As Goshen College seniors prepare for graduation, many wonder where their peers will end up living in the coming year.
For some graduates, it won’t be very far: nearly a quarter of the current graduating class plans to stay in Goshen next year, according to a recent online poll conducted by The Record.
For others, the journey is farther. Half of the graduating class plans to live out-of-state, while an additional 9 percent will go out of the country.
Though the common perception might be that students are unsure about the future, only 7 percent of 97 respondents said they don't know where they'll be living after graduation. 82 percent of respondents plan to be either working (59%) or doing voluntary service work (23%).

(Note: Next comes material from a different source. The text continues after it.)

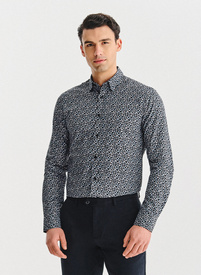 Czarna koszula w drobny wzór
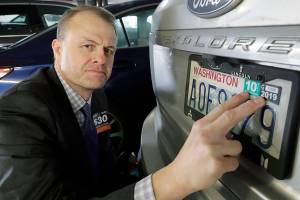 Judge allows Eyman to join car-tab initiative legal case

One student who plans to do service work is Laurel Woodward, who will be entering a year of Mennonite Voluntary Service (MVS) in Alamosa, Colo. She will be helping with mediation and restorative justice work at the Center for Restorative Programs. Another student doing domestic service is Abbie Miller, who will be moving to Pittsburgh to participate in the Pittsburgh Urban Leadership Service Experience (PULSE) program, which is an 11-month commitment to help with non-profit service work in the city.
Other students are heading overseas for voluntary service.
Matthew Amstutz will be moving to China, where he will teach English to Chinese undergraduate students in the Sichuan Province for three years.
Melissa Zehr is headed to Kiambu, Kenya in late August, for an 11 month term with the SALT (Serving and Learning Together) program. There, she will be a math and science teaching assistant at a high school.
Mohamed Yarba will be going home to Mauritania for a month or so before returning to the U.S. to pursue a master’s degree in African Studies and Political Science at Ohio University.
Many students have already secured jobs for the summer and beyond. Kelsey Morris will be a morning show co-host for a country music station near Indianapolis. Working for Indiana County 101.5 WKKG is exactly the type of job Morris desired. “It really couldn’t get much better for a radio student coming right out of college.”
Benjamin Kelly has taken a job in Schaumburg, Illinois, where he will be a sports broadcaster, calling games for the Schaumburg Boomers – an independent professional baseball team in the Frontier League.
Some others who will be working are Emma Brooks, who has secured an unpaid internship with an online business that designs album covers for artists on iTunes; Billy Funk, who will be working in Goshen at Bashor Children’s Home this summer; and Aaron Shelly, who be researching in the Maple Scholars program this summer, and then will head to Oregon to “live off the land.” By this, Shelly said that he means to find a job that pays the rent during his gap year before graduate school.